Astronomy 100 - Fall 2003 - Section 1
Lecture 31 (12 November 2003)
Structure of Our Galaxy
Reading: Discovering the Universe IV-1 to IV-3, 14-1 to 14-7
Note to students: these summaries are meant to supplement, not replace, your own in-class notes. I don't guarantee that everything I've said in class will appear here. You are responsible for knowing the material given in the readings and discussed in class.
The Milky Way is a band of apparently diffuse light that stretches across the celestial sphere. Among other constellations, it passes through Sagittarius, where it appears brightest, and Cygnus, where it appears dimmest. On a dark, clear night you can see that it has a patchy structure interrupted by dark clumps.
When a region of this band is viewed through a telescope, however, you can tell that it really consists of the light of a very large number of stars.
In the late 18th and early 19th centuries the astronomers William and Caroline Herschel (brother and sister) mapped the positions of a very large number of stars with their 6-inch reflecting telescope. They concluded that the Milky Way was a flattened disk of stars about 6400 ly across and 1300 ly thick, with the Sun near the center.
The reason for this conclusion is that in looking toward the Milky Way you are looking along the disk, so your line of sight intercepts more stars than if you are looking 90 degrees away from the Milky Way.
Spiral nebulae
The so-called spiral nebulae were catalogued by Charles Messier and Herschel in the 17th century. These “nebulae” appeared as diffuse grey blobs on the sky – Messier in particular catalogued them as “objects that are not comets,” since he was more interested in discovering new comets. (Research priorities change with time!)
The spiral structure in these “nebulae” did not become visible until the construction of the 1.8-m Leviathan telescope in Ireland around 1840. The builder of this telescope, an amateur aristocrat named William Parsons, Third Earl of Rosse, used it to map out spiral patterns in several of the brighter spiral nebulae, such as M51.

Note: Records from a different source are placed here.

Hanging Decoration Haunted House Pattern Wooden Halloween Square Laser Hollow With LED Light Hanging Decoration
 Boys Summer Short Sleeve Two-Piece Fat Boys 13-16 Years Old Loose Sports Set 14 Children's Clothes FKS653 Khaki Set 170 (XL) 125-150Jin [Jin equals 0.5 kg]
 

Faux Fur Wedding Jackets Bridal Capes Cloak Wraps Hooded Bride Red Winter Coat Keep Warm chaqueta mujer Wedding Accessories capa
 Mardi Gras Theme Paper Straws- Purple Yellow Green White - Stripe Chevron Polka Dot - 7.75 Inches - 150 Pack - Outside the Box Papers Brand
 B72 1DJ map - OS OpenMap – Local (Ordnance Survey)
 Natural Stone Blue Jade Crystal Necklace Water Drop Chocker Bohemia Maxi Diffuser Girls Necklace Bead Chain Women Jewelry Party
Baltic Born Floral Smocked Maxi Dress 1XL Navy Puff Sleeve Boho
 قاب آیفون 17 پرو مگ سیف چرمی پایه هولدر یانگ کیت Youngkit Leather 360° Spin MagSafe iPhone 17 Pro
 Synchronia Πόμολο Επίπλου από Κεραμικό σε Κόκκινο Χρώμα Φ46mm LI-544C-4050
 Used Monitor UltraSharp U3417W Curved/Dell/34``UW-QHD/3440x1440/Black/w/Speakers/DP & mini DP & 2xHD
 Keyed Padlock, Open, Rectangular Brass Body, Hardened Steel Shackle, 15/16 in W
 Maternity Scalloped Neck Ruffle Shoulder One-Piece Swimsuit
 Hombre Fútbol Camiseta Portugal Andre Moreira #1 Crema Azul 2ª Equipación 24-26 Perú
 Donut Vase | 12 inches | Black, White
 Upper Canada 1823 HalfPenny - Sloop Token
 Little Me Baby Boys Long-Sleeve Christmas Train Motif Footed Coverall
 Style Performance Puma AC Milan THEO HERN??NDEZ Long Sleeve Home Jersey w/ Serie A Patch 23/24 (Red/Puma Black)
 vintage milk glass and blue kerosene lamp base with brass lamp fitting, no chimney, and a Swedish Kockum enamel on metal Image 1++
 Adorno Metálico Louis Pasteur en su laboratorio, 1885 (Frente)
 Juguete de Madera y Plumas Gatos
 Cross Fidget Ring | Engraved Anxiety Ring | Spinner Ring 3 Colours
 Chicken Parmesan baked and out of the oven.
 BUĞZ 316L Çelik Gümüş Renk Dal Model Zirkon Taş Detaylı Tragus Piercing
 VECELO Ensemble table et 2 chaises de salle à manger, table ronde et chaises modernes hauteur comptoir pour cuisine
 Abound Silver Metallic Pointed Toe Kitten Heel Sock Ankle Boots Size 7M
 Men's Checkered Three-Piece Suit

Two basic views developed regarding these spiral nebulae and the nature of the Milky Way:
Herschel's view, that the Milky Way is a flattened disk of stars and encompasses all there is, and that the spiral nebulae are gas clouds inside or near the disk of stars.
The view of Immanuel Kant, who argued that the spiral nebulae were also flattened disks of stars (“island universes”), equal to the Milky Way.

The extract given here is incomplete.